Low Power Amdahl Blades for Data Intensive Computing

In Microslice Servers and the Case for Low-Cost, Low-Power Servers, I observed that CPU bandwidth is outstripping memory bandwidth. Server designers can address this by: 1) designing better memory subsystems or 2) reducing the CPU per-server. Optimizing for work done per dollar and work done per joule argues strongly for the second approach for many workloads.

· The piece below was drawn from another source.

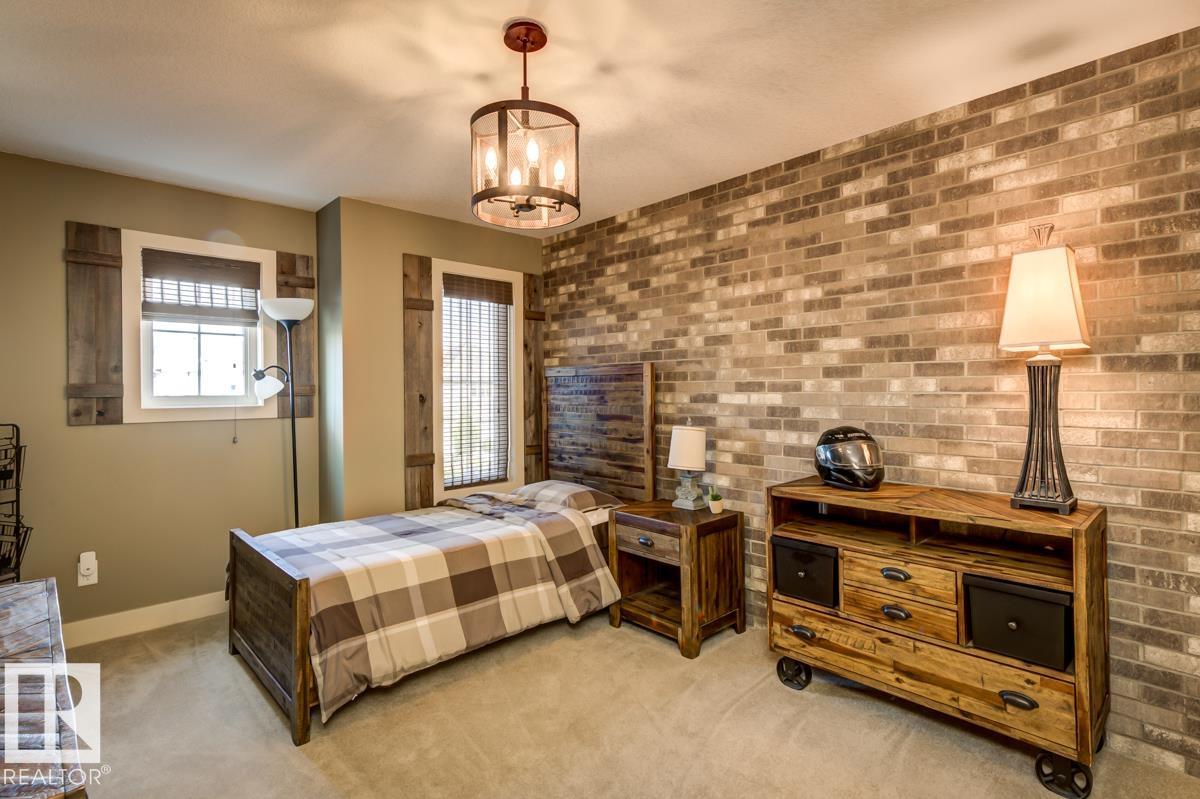 Photo 35 at 2047 90 Street SW, Summerside, Edmonton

In Low Power Amdahl Blades for Data Intensive Computing (Amdahl Blades-V3.pdf (84.25 KB)), Alex Szalay makes a related observation and arrives at a similar point. He argues that server I/O requirements for data intensive computing clusters grow in proportion to CPU performance. As per-server CPU performance continues to increase, we need to add additional I/O capability to each server. We can add more disks but this drives up both power and cost as more disk require more I/O channels. Another approach is use a generation 2 flash SSDs such as the Intel X25-E or the OCZ Vertex (I’m told the Samsung 2.06Gb/s (SLC) is also excellent but I’ve not yet seen their random write IOPS rates). Both the OCZ and the Intel components are excellent performers nearing FusionIO but at a far better price point making them considerably superior in work done per dollar.

The Szalay paper looks first at the conventional approach of adding flash SSDs to a high-end server. To get the required I/O rates, three high-performance SSDs would be needed. But, to get full I/O rates from the three devices, three I/O channels would be needed which drives up power and cost. What if we head the other way and, rather than scaling up the I/O sub-system, we scale down the CPU per server? Alex shows that a low-power, low-cost commodity board coupled with a single, high-performance flash SSDs would form an excellent building block for a data intensive cluster. It’s a very similar direction to CEMS servers but applied to data intensive workloads.

One of the challenges of low-power, high-density servers along the lines proposed by Alex and I is network cabling. With CEMS there are 240 servers/rack and a single top-of-rack switch is inadequate so we go with a mini-switch per six-server tray and each of 40 trays connected to a top-of-rack switch. The Low Power Amdahl Blades are yet again more dense. Alex makes a more radical approach proposal to interconnect the rack using very short-range radio. From the paper,

Considering their compact size and low heat dissipation, one can imagine building clusters of thousands of low-power Amdahl blades. In turn, this high density will create challenges related to interconnecting these blades using existing communication technologies (i.e., Ethernet, complex wiring if we have 10,000 nodes). On the other hand, current and upcoming high-speed wireless communications offer an intriguing alternative to wired networks. Specifically, current wireless USB radios (and their WLP IP-based variants) offer point-to-point speeds of up to 480 Mbps over small distances (~3-10 meters). Further into the future, 60 GHz-based radios promise to offer Gbps of wireless bandwidth.

I’m still a bit skeptical that we can get rack-level radio networking to be win in work done per dollar and work done per joule but it is intriguing and I’m looking forward to getting into more detail on this approach with Alex.


Remember it’s work done per dollar and work done per joule that we should be chasing. And, in optimizing for these metrics, we increasingly face challenges of insufficient I/O and memory bandwidth per core. Both CEMS and Low-Power Amdahl Blades address the system balance issue by applying more low-power servers rather than adding more I/O and memory bandwidth to each server.

It’s the performance of the aggregate cluster we care about and work done dollar and work done per joule is the final arbiter.